§ **PROBLEM REQUIREMENTS**:
Lines with the word "Samsung" in them are the ones to copy from the records.

_ _ _ _

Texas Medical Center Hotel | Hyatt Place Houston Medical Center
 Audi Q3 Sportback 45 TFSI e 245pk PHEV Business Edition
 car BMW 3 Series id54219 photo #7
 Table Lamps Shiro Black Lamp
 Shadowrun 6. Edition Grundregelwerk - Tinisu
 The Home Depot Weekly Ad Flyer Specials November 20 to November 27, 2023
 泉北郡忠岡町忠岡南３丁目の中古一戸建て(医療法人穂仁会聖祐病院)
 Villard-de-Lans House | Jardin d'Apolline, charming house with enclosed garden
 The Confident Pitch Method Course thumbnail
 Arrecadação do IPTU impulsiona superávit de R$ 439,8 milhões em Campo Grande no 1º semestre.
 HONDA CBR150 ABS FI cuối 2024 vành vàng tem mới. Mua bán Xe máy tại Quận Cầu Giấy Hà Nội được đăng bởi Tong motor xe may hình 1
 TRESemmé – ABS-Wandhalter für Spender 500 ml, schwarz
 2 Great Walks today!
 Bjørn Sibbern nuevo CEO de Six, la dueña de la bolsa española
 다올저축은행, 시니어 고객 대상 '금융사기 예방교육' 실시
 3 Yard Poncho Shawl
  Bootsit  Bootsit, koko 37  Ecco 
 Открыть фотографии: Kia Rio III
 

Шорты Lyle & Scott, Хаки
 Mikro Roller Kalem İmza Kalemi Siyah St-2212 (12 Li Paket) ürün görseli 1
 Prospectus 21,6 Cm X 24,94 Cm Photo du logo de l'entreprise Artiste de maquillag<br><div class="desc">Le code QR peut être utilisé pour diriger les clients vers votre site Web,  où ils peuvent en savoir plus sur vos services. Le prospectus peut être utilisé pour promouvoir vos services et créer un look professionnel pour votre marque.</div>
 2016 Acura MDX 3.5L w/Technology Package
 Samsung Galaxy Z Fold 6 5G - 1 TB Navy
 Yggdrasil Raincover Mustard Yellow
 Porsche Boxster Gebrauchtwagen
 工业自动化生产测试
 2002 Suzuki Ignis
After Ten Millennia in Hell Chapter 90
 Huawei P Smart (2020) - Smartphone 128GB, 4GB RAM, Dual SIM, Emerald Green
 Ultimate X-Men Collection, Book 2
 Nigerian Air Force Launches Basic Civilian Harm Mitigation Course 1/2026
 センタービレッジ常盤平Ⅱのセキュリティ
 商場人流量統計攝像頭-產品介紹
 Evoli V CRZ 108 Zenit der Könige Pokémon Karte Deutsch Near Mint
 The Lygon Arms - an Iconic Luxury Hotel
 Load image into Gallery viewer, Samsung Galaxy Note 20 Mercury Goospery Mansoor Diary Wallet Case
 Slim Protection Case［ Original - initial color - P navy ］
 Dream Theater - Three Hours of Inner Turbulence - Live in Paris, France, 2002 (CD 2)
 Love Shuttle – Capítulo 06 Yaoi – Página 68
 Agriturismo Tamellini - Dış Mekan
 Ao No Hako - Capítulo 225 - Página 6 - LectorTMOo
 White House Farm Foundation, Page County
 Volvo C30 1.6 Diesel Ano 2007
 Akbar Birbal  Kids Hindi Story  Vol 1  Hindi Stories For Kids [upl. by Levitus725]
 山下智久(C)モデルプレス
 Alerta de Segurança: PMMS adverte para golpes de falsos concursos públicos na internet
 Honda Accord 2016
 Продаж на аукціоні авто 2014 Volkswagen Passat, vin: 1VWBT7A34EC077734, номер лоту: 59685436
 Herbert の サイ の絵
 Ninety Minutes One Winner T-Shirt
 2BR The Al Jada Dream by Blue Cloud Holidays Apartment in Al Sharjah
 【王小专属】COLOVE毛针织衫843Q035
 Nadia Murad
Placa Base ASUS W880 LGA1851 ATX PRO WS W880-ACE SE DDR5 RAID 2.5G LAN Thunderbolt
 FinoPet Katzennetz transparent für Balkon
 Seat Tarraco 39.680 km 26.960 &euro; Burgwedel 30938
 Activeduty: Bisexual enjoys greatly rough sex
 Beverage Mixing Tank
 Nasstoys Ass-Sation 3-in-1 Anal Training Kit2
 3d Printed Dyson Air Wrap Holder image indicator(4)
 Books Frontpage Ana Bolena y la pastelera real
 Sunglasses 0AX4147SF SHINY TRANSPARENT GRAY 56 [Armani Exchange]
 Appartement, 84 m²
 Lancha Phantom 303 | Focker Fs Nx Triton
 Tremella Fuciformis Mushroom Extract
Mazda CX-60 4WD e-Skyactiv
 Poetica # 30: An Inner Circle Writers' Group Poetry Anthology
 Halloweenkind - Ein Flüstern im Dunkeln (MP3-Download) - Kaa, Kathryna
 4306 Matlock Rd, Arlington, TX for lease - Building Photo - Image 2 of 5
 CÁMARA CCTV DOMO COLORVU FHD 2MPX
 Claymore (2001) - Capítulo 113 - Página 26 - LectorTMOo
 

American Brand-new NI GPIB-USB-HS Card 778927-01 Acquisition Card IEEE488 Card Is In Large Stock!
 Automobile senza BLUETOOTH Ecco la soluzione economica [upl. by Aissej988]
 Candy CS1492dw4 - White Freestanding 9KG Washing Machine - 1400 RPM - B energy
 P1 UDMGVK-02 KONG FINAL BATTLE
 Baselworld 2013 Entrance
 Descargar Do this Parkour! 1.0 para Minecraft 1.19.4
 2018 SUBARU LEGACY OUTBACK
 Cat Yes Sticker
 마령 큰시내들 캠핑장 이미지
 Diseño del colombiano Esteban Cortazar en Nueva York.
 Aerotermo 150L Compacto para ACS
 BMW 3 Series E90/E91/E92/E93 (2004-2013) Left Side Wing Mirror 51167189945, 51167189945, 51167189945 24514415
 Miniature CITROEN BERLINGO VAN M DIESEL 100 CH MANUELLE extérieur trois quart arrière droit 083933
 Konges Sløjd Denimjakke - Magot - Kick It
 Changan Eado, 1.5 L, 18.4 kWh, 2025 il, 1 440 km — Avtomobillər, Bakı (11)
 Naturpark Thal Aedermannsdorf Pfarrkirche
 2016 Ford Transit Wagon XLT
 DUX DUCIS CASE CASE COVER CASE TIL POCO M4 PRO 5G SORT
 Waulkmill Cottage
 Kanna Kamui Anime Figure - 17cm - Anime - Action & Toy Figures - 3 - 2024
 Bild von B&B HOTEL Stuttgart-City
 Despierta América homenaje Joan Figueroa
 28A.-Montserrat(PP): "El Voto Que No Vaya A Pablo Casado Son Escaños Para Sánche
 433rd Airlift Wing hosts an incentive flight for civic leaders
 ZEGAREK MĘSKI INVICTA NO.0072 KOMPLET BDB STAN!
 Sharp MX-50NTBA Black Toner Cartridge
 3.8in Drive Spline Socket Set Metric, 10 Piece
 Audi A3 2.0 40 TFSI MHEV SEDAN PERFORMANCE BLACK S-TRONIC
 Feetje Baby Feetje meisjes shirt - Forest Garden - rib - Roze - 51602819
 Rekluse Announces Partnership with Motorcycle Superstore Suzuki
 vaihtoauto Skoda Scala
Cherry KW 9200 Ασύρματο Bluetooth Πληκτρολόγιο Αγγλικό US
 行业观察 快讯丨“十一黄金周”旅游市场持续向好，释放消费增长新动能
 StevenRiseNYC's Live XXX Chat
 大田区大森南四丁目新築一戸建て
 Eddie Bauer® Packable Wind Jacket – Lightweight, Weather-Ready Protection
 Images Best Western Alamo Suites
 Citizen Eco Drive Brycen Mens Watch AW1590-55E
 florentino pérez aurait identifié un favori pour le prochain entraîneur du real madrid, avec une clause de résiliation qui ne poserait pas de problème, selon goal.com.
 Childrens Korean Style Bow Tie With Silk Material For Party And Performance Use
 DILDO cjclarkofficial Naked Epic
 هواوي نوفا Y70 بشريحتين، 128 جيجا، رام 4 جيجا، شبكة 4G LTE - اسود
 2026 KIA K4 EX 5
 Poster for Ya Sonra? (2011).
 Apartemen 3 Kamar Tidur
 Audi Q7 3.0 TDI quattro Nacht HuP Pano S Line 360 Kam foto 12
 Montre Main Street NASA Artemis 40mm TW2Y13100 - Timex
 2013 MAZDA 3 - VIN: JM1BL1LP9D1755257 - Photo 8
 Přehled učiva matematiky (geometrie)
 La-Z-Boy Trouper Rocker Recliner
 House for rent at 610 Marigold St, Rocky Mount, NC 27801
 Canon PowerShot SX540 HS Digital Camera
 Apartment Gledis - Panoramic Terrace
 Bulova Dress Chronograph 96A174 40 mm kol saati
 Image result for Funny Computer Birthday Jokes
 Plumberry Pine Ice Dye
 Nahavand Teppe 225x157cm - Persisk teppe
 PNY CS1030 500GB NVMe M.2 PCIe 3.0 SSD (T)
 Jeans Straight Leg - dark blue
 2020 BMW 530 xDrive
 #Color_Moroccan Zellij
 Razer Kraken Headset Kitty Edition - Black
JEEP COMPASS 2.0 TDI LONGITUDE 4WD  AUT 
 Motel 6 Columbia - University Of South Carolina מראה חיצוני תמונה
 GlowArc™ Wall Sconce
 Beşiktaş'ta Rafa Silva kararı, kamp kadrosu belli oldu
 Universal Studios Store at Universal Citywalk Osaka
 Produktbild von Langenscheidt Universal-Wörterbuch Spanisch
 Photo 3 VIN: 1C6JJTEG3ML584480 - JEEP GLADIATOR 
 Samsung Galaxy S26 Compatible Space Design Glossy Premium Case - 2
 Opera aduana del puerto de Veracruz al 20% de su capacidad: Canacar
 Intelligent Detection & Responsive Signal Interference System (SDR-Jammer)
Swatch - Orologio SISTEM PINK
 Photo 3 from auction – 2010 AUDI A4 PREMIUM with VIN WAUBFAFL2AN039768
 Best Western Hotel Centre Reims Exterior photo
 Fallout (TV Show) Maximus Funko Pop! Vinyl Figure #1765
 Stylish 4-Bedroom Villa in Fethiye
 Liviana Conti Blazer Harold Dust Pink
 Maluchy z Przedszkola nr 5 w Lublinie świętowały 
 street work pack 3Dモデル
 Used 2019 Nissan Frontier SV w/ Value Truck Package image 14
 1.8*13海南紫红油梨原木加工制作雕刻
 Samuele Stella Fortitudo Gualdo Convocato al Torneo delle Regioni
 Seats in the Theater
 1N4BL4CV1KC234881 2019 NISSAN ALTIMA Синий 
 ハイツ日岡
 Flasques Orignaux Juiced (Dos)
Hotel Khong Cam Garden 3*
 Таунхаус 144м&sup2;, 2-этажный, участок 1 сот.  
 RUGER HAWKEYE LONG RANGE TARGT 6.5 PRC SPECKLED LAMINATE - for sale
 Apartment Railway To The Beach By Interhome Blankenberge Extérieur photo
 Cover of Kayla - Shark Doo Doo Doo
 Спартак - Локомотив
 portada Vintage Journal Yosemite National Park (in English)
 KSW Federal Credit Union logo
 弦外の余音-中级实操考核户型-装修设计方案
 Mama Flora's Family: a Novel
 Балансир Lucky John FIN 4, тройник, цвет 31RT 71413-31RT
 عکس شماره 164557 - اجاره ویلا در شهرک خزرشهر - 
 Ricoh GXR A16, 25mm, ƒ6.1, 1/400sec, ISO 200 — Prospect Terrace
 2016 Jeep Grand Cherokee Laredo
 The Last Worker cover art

_ _ _ _

§ **COMPLETED TASK**:
 Samsung Galaxy Z Fold 6 5G - 1 TB Navy
 Load image into Gallery viewer, Samsung Galaxy Note 20 Mercury Goospery Mansoor Diary Wallet Case
 Samsung Galaxy S26 Compatible Space Design Glossy Premium Case - 2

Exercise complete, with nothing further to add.